Farther on, a farm supply store stood with its windows intact, and a sheet hung in the door reading “OPEN. TRADE ONLY.” Charlotte considered it, then kept moving.

She had nothing to spare. Her cough took her twice in an hour.

The second left her light-headed again. She dismounted and braced herself against the mare until the world steadied.

Mason watched from the gelding’s back, and when Charlotte remounted, his hand found her sleeve for three strides before releasing.

The sun had begun its descent when the smell reached them.

Smoke but not woodsmoke. Something chemical, the acridity of burning fuel and synthetic materials.

Charlotte reined the mare to a stop and raised a hand to halt Mason behind her.

The dog had gone rigid. Its muzzle was pointed west, nostrils working, body locked into the posture that preceded retreat.

Charlotte dismounted.
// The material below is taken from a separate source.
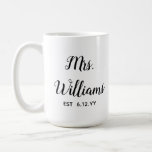 Personlig fru Est Ert datum närvarande för Bride Kaffemugg<br><div class="desc">personlig Ber ditt datum,  förlovning-gåva till brud bröllop,  present till brid bröllop-gåva,  monogram efternamn för nyare,  svart och vitt kalligrafskript,  möhippa-gåvor nyligen införda,  bridgåvor ny gifta mugg,  bachelorette-fest Fru mugg,  anpassningsbar mugg tea mugg honeymoon,  bride fiance födelsedagspresent</div>
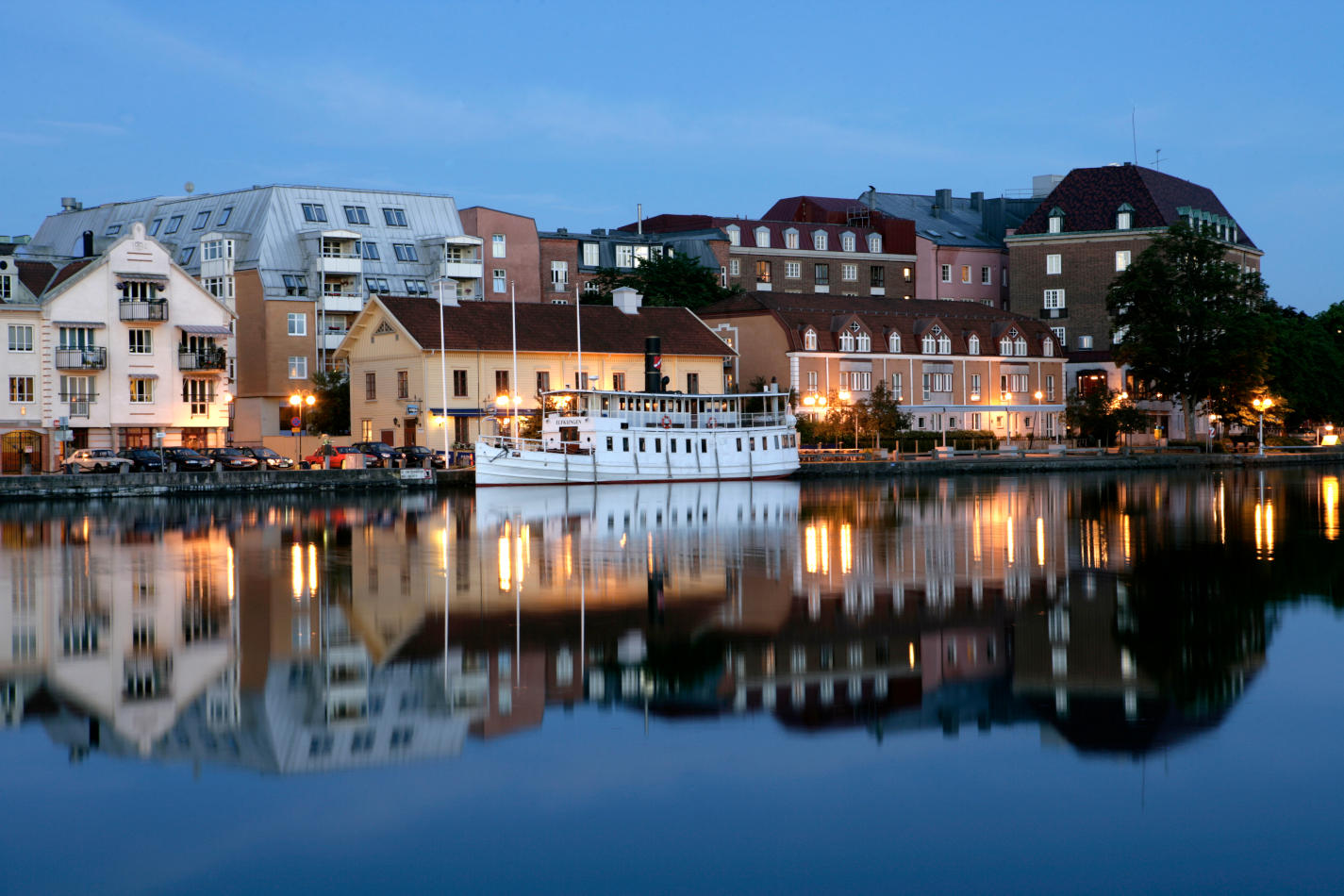 Visit Trollhättan Vänersborg | Wild waterways and peaceful lake lands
She handed Mason the gelding’s reins with instructions to stay mounted and moved forward on foot with the flashlight sweeping ahead through the gathering dusk.

The evidence appeared in stages. First, the shell casings were scattered across the pavement in a pattern that spoke of sustained fire.

Then a civilian pickup angled across the road with its front end crushed against a tree, and beyond it the charred remains of a military Humvee.

Its tires were melted to the rims, and its armor blackened where something had burned through it from the inside.

Bodies had been moved. She could read it in the disturbed gravel, the drag marks, the places where the earth had been turned and packed down by hands that understood the work couldn’t wait.

Three graves, maybe four, lined the ditch on the north side of the road.

Charlotte moved through the scene with the flashlight, painting details onto the darkening road.

The Humvee’s doors stood open. Its radio had been removed, and the weapons rack was empty.

Someone had salvaged what they could and buried what remained.

She kneeled beside one of the shell casings.

The base was stamped with markings she didn’t recognize, and the caliber was larger than anything she had seen police carry.

She picked up a fragment of webbing from beside the Humvee.

It was part of a tactical vest, the fabric scorched, but the buckles were intact, and she turned it in the light.

There was no insignia she recognized, nor any patch from the county sheriff or state police.

The equipment was military, but it didn’t belong to the forces she had seen in the early days of the collapse.

It was something else, organized and advancing inland.

Charlotte stood with the fragment of webbing in her gloved hand and understood that the fighting had moved inland.

The ships on the horizon, the shoreline checkpoints, the human-specific gas, all of it was advancing, and the evidence was written across this rural highway in shell casings and fresh graves.

She turned back toward Mason and the horses waiting in the trees. His small body was silhouetted against the darkening sky, perfectly still, watching her with the patience of a child who had already learned that adults sometimes needed time to process what they had found.

“Stay there,” Charlotte called. “I’m coming back.”